_Aim of the task_
Please count, in the material below, each line containing "Close", and report only the number.

_Data provided_
----
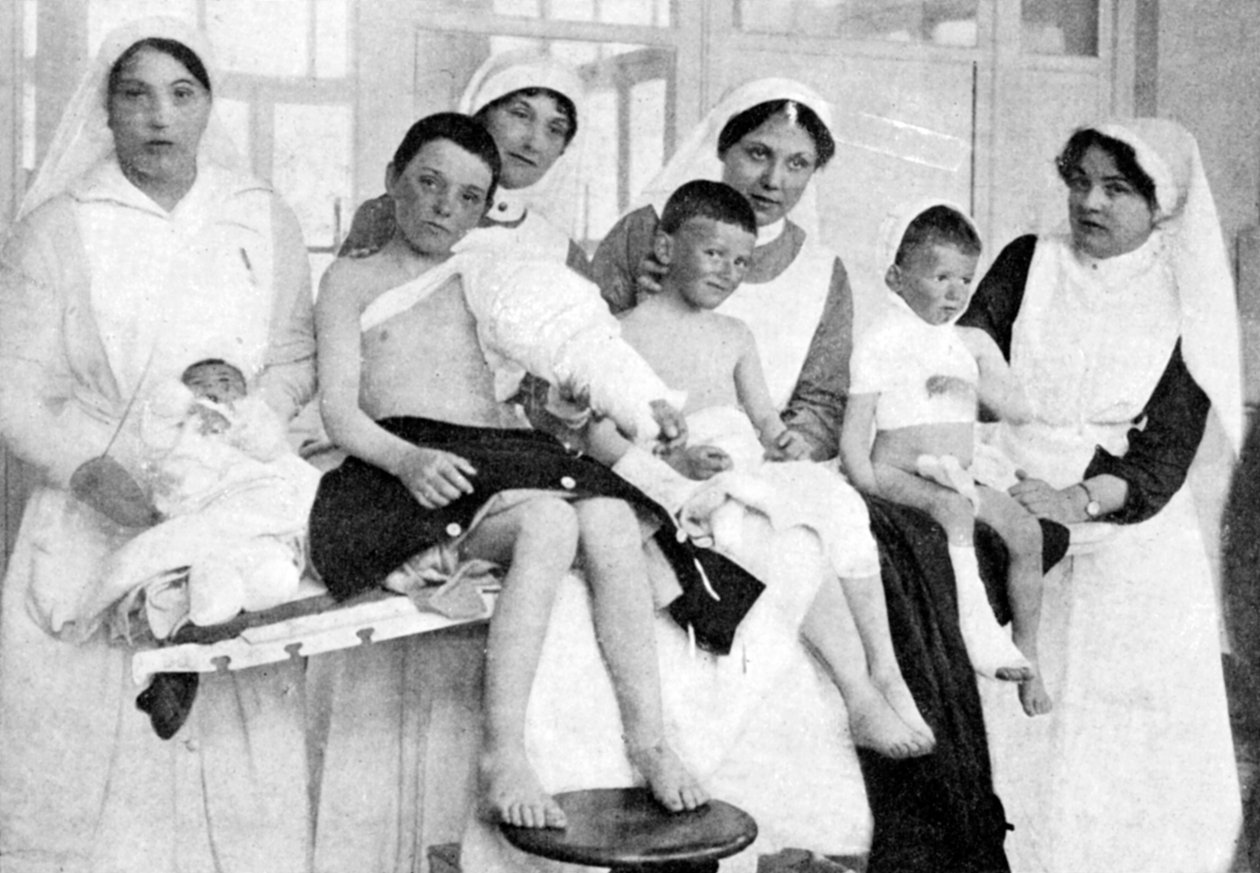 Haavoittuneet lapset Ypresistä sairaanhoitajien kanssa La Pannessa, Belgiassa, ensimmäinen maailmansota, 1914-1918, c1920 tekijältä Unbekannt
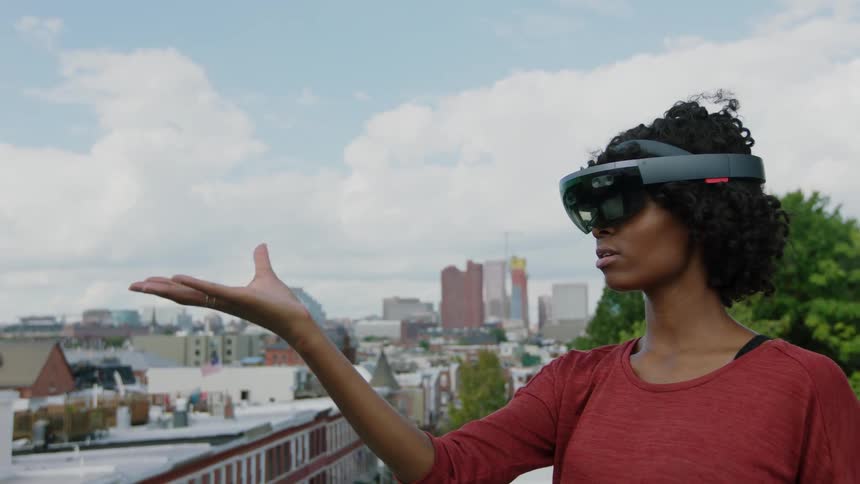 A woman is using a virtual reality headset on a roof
----
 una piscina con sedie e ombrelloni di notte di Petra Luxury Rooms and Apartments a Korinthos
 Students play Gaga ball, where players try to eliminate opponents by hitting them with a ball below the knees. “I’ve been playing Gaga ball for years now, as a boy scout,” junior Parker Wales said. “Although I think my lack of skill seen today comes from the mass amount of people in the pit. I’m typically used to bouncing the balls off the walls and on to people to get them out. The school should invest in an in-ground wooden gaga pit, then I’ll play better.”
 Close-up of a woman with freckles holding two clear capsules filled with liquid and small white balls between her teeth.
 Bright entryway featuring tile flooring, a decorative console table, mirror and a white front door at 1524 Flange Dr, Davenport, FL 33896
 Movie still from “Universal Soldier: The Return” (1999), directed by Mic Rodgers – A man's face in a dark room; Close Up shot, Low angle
----
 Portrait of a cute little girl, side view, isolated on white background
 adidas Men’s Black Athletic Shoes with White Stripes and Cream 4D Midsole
----
_Response to this task_
2